▸ **WHAT YOU NEED TO DO**:
Could you restate the entries below word for word and leave the images out?

___ DATASET RECORDS

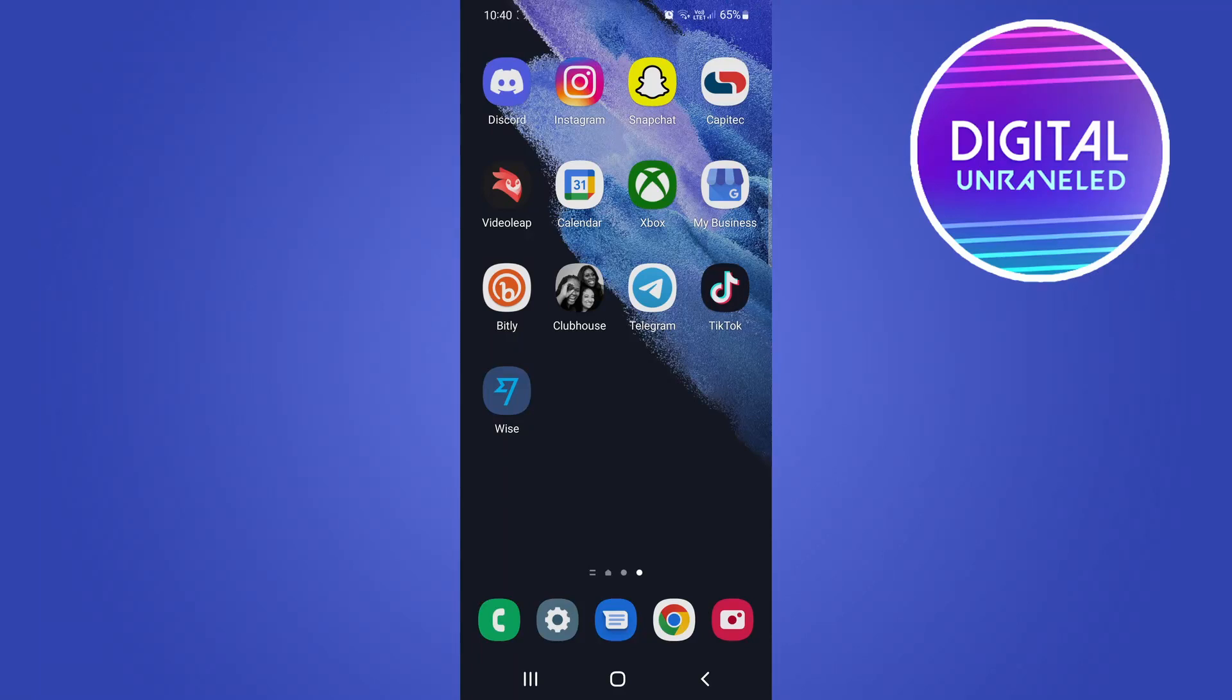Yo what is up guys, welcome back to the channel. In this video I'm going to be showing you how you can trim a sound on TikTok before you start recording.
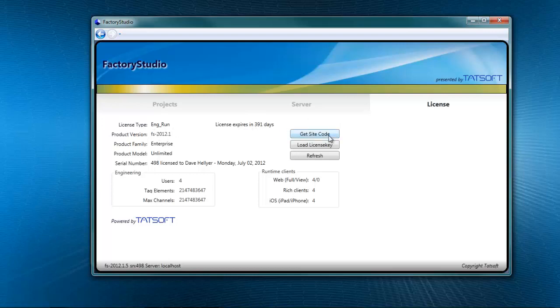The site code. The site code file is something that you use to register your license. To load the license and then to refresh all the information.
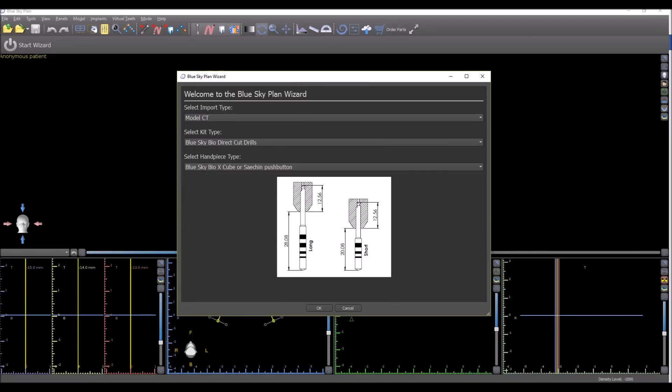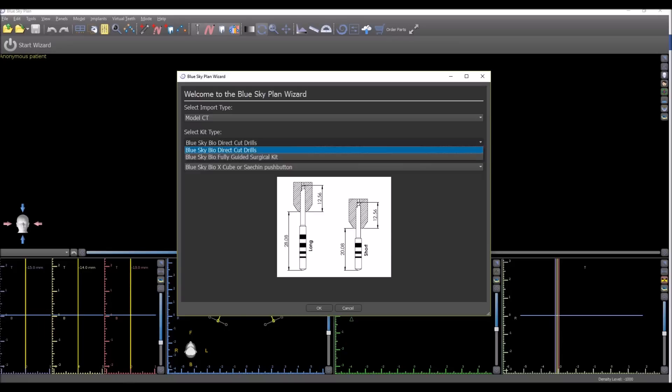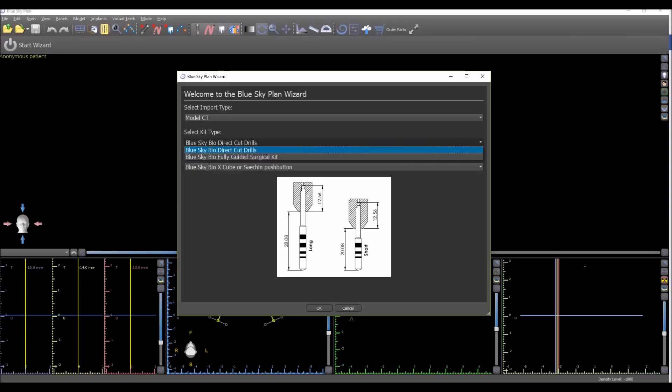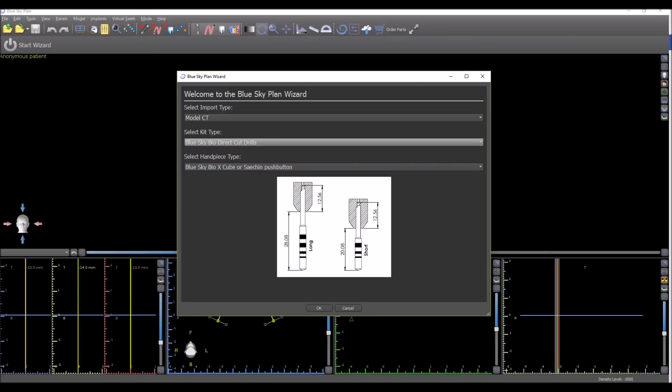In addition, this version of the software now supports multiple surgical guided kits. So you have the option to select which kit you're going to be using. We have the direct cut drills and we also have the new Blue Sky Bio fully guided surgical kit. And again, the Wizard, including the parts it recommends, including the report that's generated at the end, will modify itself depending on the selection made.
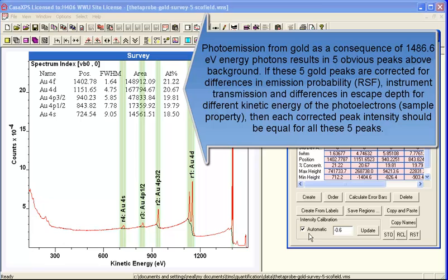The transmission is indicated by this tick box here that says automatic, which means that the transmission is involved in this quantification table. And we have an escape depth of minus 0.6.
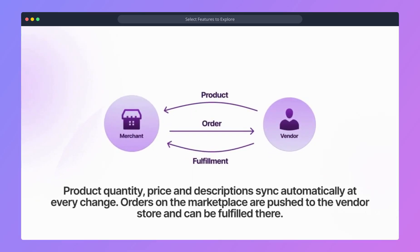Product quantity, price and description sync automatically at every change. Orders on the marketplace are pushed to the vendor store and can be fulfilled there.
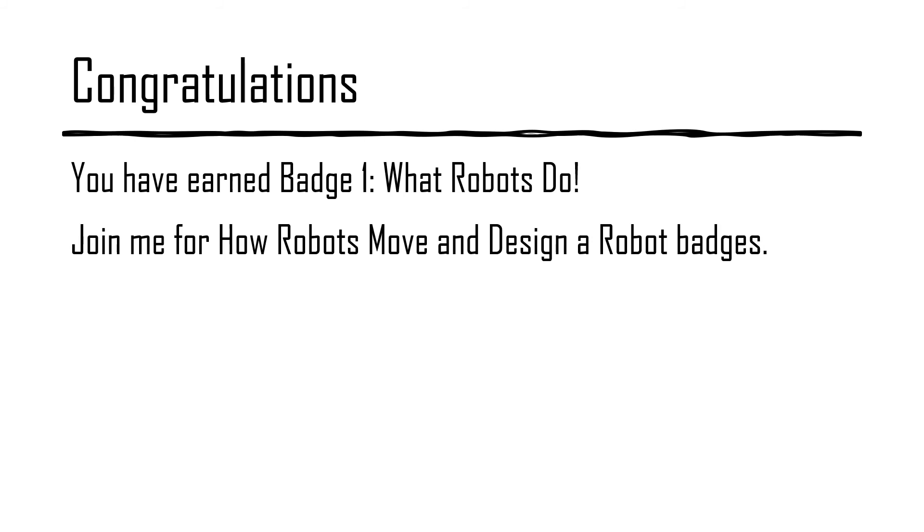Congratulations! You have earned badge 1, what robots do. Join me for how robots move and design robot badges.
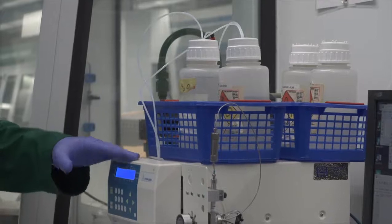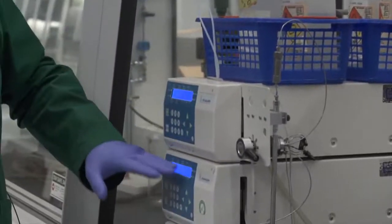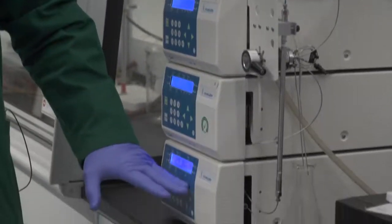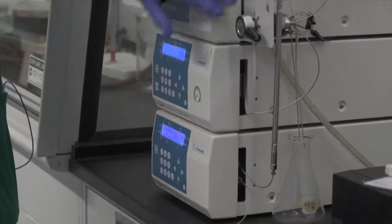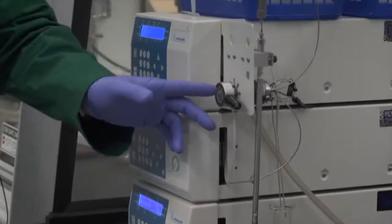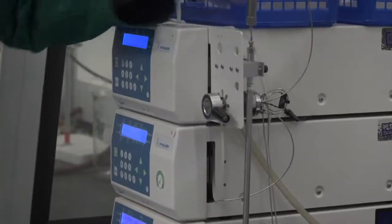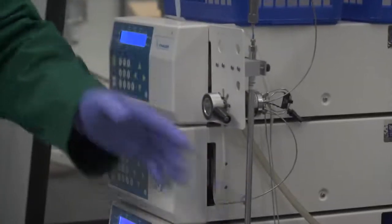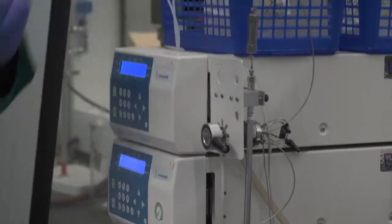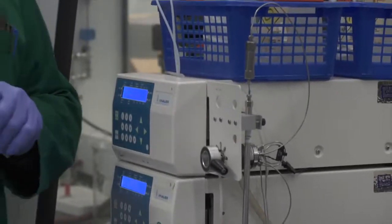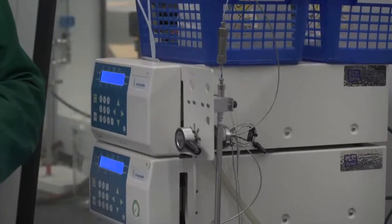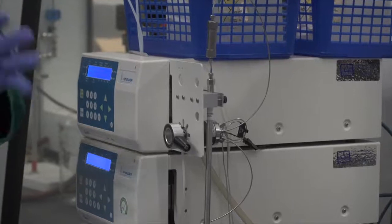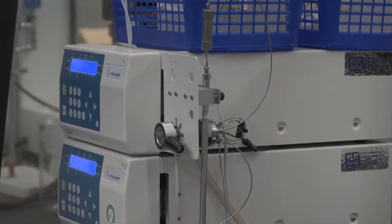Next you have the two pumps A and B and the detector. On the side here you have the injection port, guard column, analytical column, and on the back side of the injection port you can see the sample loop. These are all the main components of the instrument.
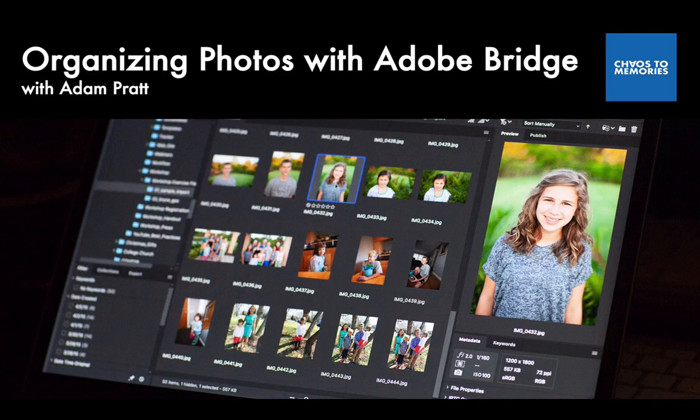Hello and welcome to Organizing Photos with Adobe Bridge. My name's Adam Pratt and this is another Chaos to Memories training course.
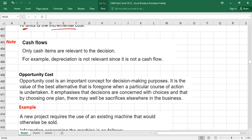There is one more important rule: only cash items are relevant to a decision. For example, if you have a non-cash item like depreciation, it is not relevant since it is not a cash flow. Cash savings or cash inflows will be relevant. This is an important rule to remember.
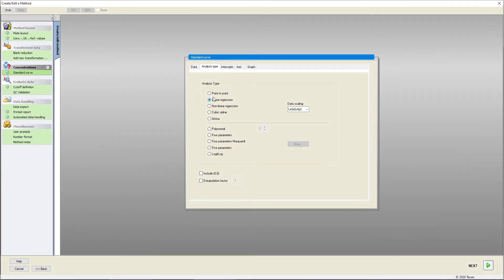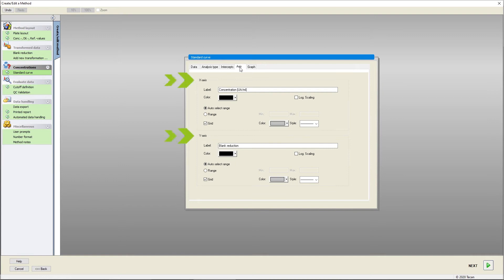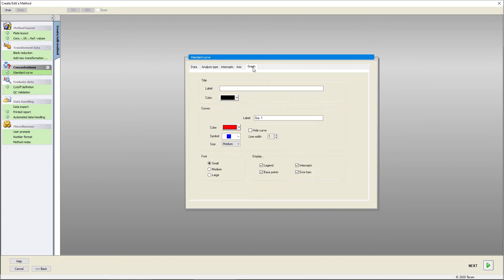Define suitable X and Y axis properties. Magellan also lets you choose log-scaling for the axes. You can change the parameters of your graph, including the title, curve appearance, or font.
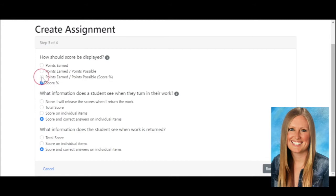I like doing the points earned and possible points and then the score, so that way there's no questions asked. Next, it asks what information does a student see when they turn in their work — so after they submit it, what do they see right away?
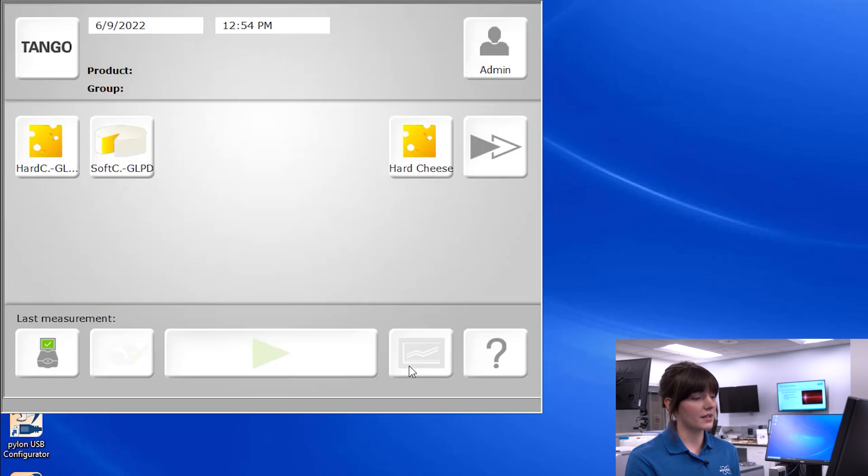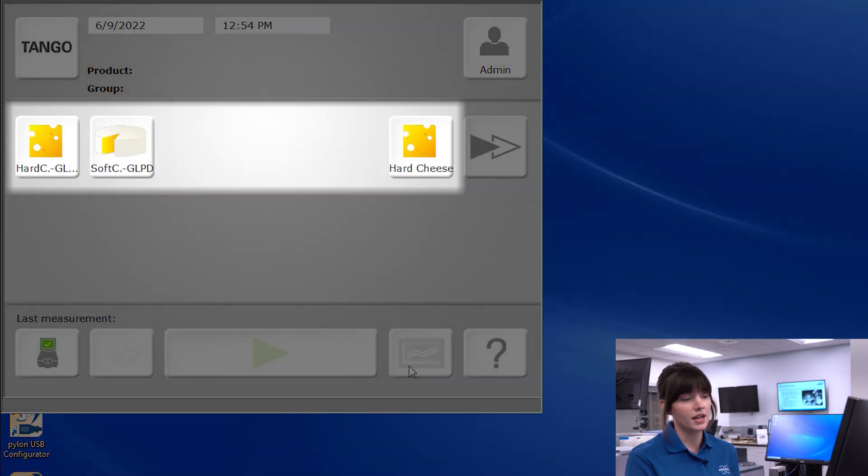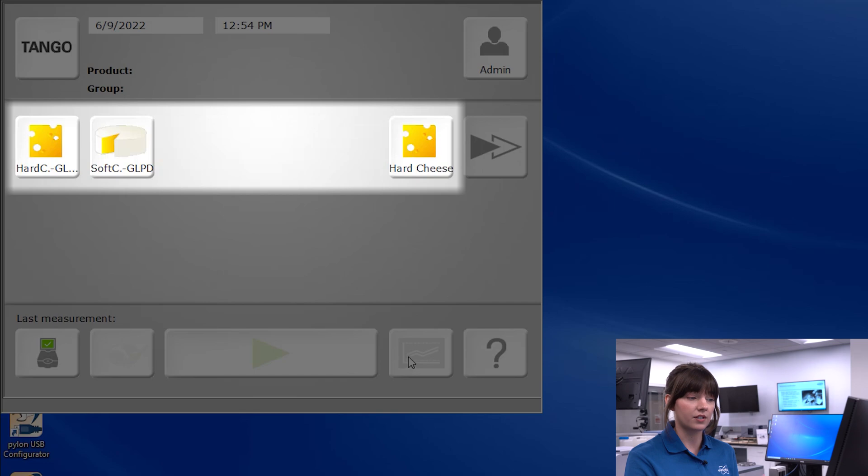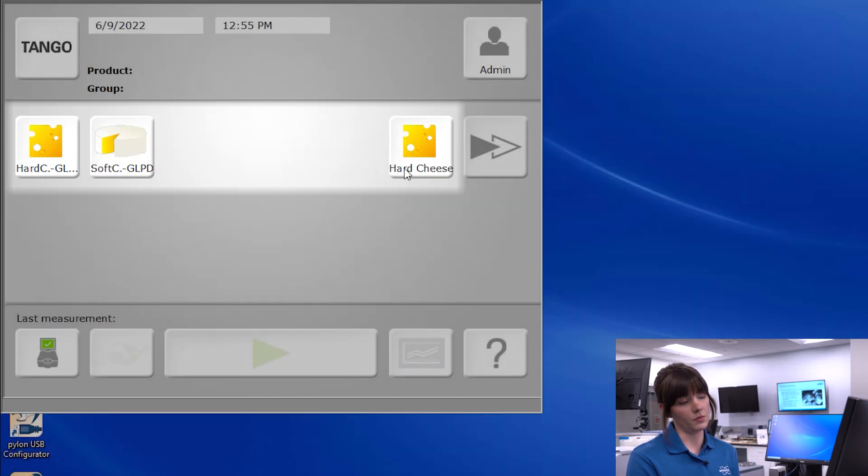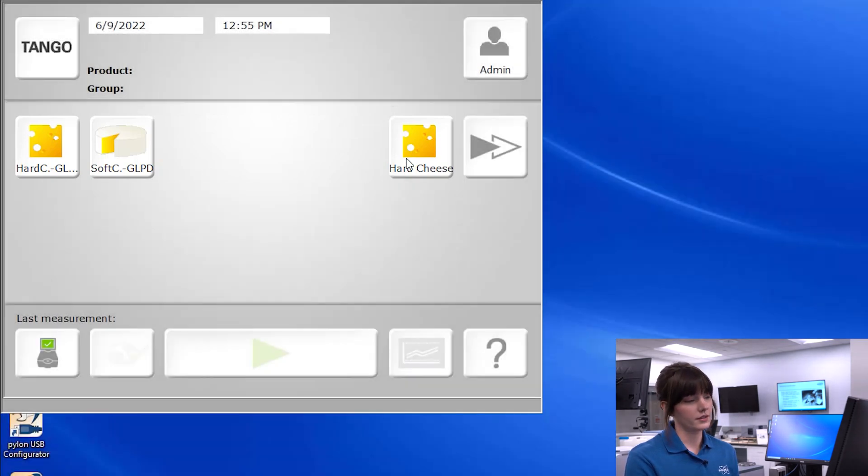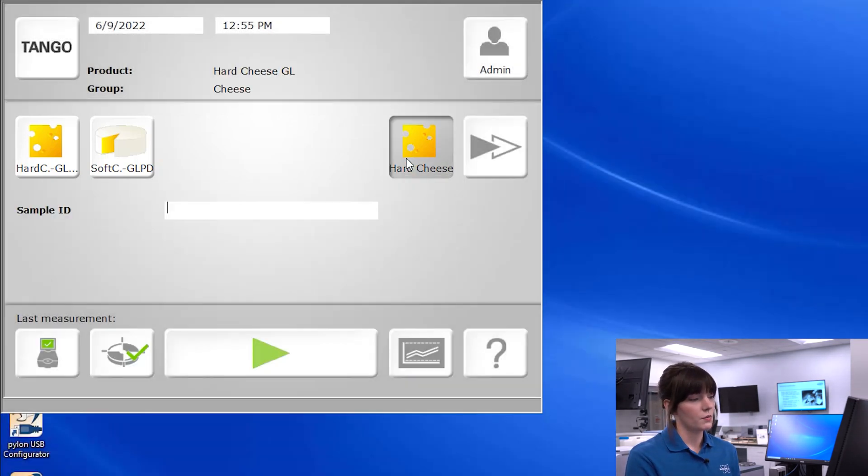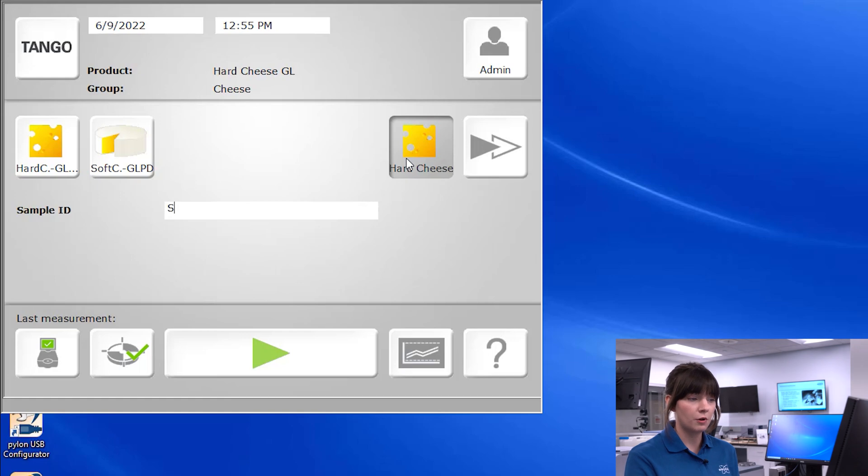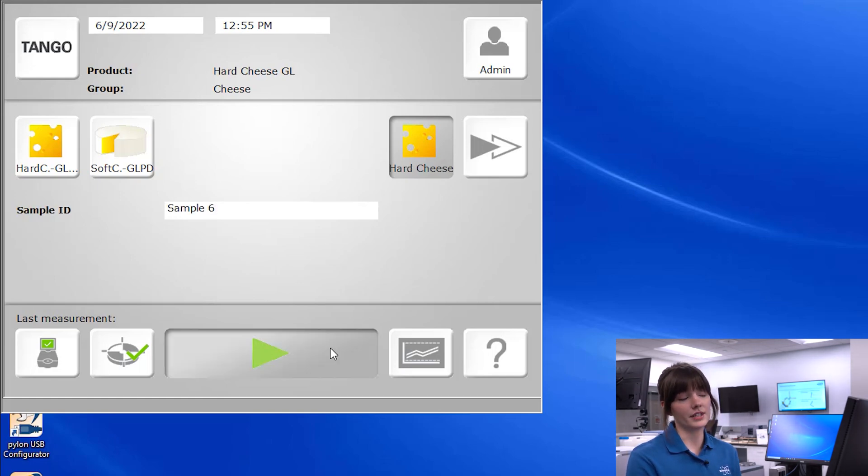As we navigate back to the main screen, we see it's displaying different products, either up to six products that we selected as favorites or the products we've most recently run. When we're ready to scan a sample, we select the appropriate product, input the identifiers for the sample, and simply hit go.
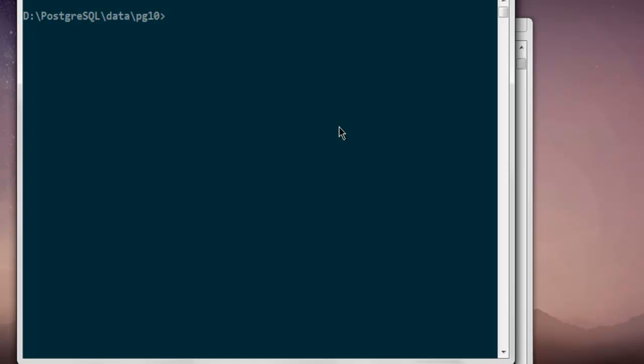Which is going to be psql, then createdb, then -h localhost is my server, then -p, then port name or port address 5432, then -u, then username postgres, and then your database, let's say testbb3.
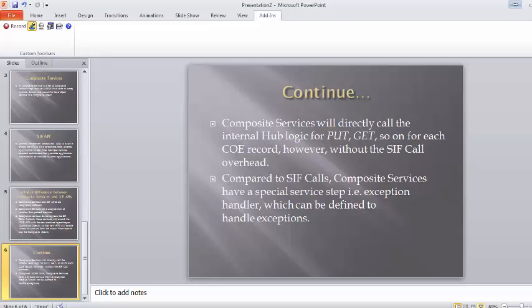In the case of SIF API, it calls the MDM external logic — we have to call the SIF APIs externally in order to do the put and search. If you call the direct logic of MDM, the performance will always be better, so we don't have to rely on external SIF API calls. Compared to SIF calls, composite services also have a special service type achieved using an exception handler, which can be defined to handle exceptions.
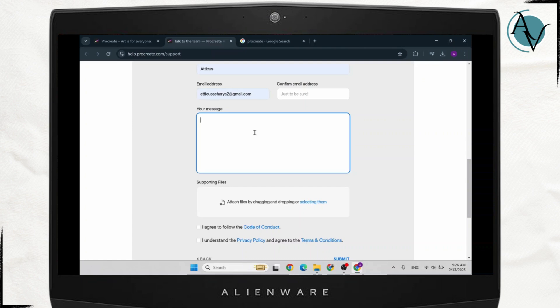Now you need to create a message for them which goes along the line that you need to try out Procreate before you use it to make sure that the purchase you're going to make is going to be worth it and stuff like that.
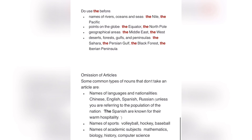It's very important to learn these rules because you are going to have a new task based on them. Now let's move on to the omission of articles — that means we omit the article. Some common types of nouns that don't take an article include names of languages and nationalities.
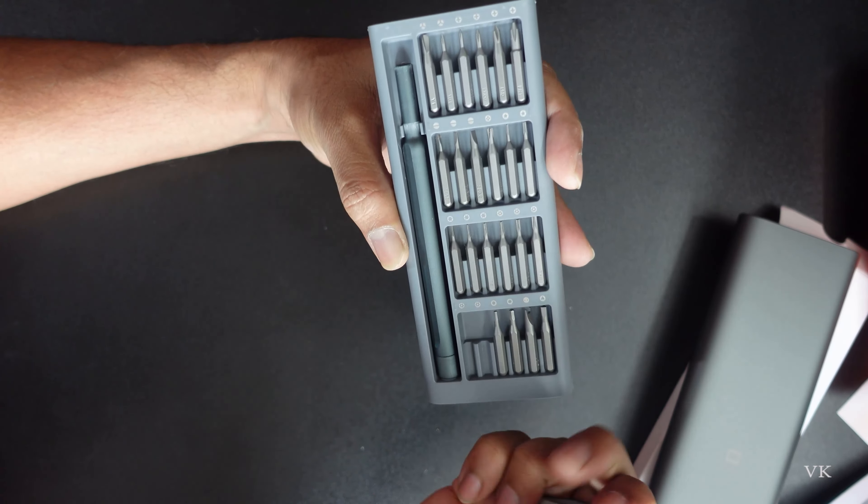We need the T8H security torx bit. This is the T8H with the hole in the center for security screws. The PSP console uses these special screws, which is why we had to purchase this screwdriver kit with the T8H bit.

______

▸ **ANSWER BELOW**:
Yo what is up guys, welcome back to the channel. In this video I'm going to be showing you how you can trim a sound on TikTok before you start recording.
The site code. The site code file is something that you use to register your license. To load the license and then to refresh all the information.
In addition, this version of the software now supports multiple surgical guided kits. So you have the option to select which kit you're going to be using. We have the direct cut drills and we also have the new Blue Sky Bio fully guided surgical kit. And again, the Wizard, including the parts it recommends, including the report that's generated at the end, will modify itself depending on the selection made.
The transmission is indicated by this tick box here that says automatic, which means that the transmission is involved in this quantification table. And we have an escape depth of minus 0.6.
Product quantity, price and description sync automatically at every change. Orders on the marketplace are pushed to the vendor store and can be fulfilled there.
Congratulations! You have earned badge 1, what robots do. Join me for how robots move and design robot badges.
Next you have the two pumps A and B and the detector. On the side here you have the injection port, guard column, analytical column, and on the back side of the injection port you can see the sample loop. These are all the main components of the instrument.
Hello and welcome to Organizing Photos with Adobe Bridge. My name's Adam Pratt and this is another Chaos to Memories training course.
There is one more important rule: only cash items are relevant to a decision. For example, if you have a non-cash item like depreciation, it is not relevant since it is not a cash flow. Cash savings or cash inflows will be relevant. This is an important rule to remember.
Define suitable X and Y axis properties. Magellan also lets you choose log-scaling for the axes. You can change the parameters of your graph, including the title, curve appearance, or font.
I like doing the points earned and possible points and then the score, so that way there's no questions asked. Next, it asks what information does a student see when they turn in their work — so after they submit it, what do they see right away?
As we navigate back to the main screen, we see it's displaying different products, either up to six products that we selected as favorites or the products we've most recently run. When we're ready to scan a sample, we select the appropriate product, input the identifiers for the sample, and simply hit go.
Which is going to be psql, then createdb, then -h localhost is my server, then -p, then port name or port address 5432, then -u, then username postgres, and then your database, let's say testbb3.
In the case of SIF API, it calls the MDM external logic — we have to call the SIF APIs externally in order to do the put and search. If you call the direct logic of MDM, the performance will always be better, so we don't have to rely on external SIF API calls. Compared to SIF calls, composite services also have a special service type achieved using an exception handler, which can be defined to handle exceptions.
Now you need to create a message for them which goes along the line that you need to try out Procreate before you use it to make sure that the purchase you're going to make is going to be worth it and stuff like that.
It's very important to learn these rules because you are going to have a new task based on them. Now let's move on to the omission of articles — that means we omit the article. Some common types of nouns that don't take an article include names of languages and nationalities.
We need the T8H security torx bit. This is the T8H with the hole in the center for security screws. The PSP console uses these special screws, which is why we had to purchase this screwdriver kit with the T8H bit.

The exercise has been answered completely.